DATA EXTRACTS
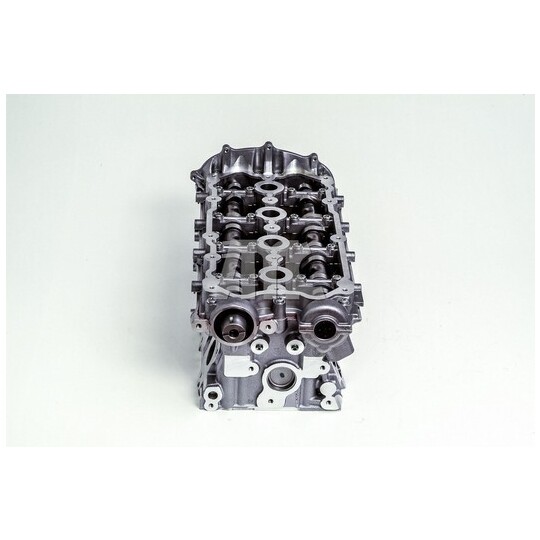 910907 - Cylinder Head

...

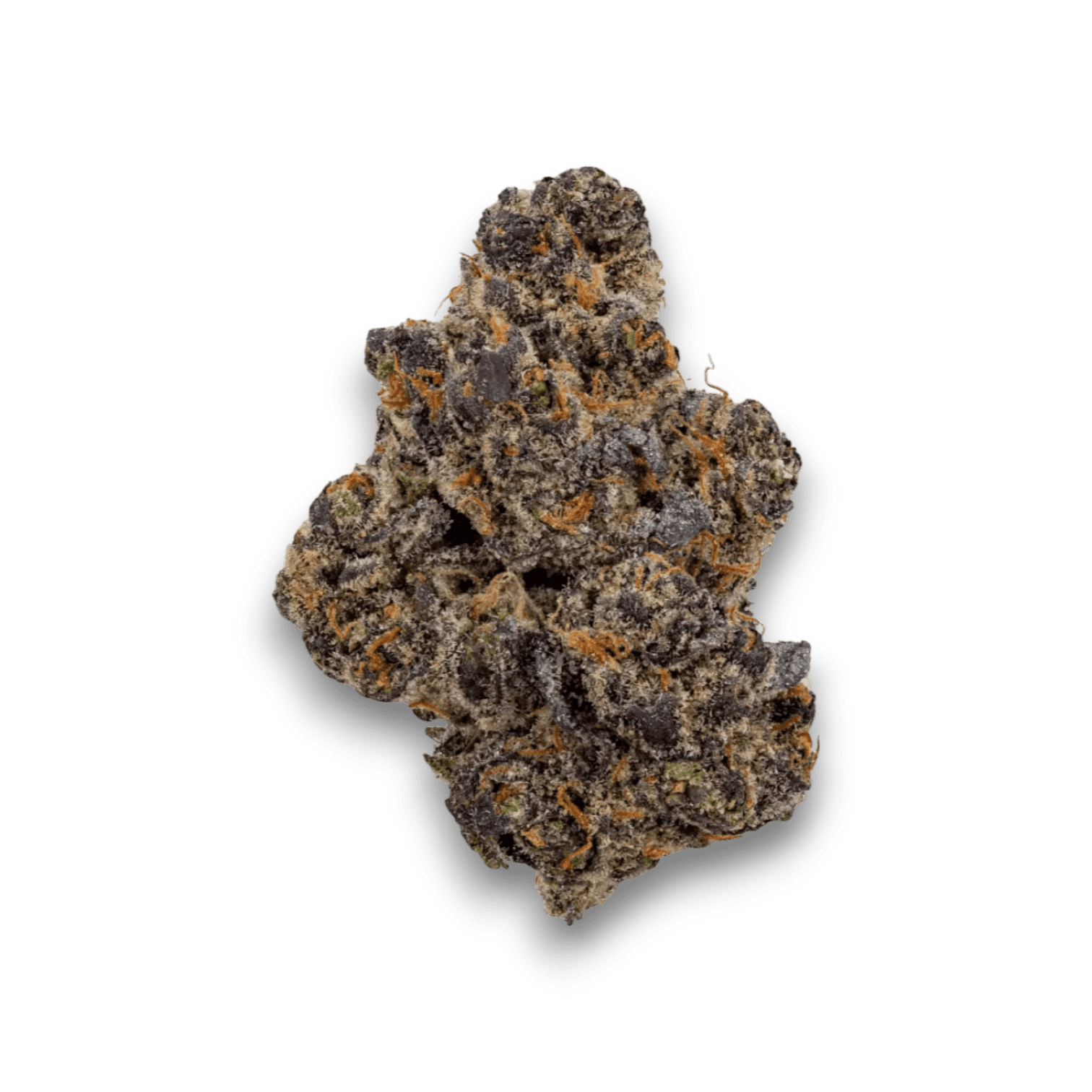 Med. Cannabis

---

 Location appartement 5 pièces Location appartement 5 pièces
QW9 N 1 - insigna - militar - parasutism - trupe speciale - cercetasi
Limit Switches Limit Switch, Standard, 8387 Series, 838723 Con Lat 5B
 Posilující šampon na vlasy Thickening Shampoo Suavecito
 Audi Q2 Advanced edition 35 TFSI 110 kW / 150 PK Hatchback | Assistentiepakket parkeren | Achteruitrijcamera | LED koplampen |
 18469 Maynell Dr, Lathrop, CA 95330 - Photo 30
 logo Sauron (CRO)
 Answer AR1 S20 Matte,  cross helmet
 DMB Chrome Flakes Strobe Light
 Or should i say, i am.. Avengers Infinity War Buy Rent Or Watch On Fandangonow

WHAT THE TASK ASKS
When you reach the line in the material above that holds "Location appartement 5 pièces Location", begin reproducing lines exactly, and stop after the line that holds "Or should i".

THE ANSWER
 Location appartement 5 pièces Location appartement 5 pièces
QW9 N 1 - insigna - militar - parasutism - trupe speciale - cercetasi
Limit Switches Limit Switch, Standard, 8387 Series, 838723 Con Lat 5B
 Posilující šampon na vlasy Thickening Shampoo Suavecito
 Audi Q2 Advanced edition 35 TFSI 110 kW / 150 PK Hatchback | Assistentiepakket parkeren | Achteruitrijcamera | LED koplampen |
 18469 Maynell Dr, Lathrop, CA 95330 - Photo 30
 logo Sauron (CRO)
 Answer AR1 S20 Matte,  cross helmet
 DMB Chrome Flakes Strobe Light
 Or should i say, i am.. Avengers Infinity War Buy Rent Or Watch On Fandangonow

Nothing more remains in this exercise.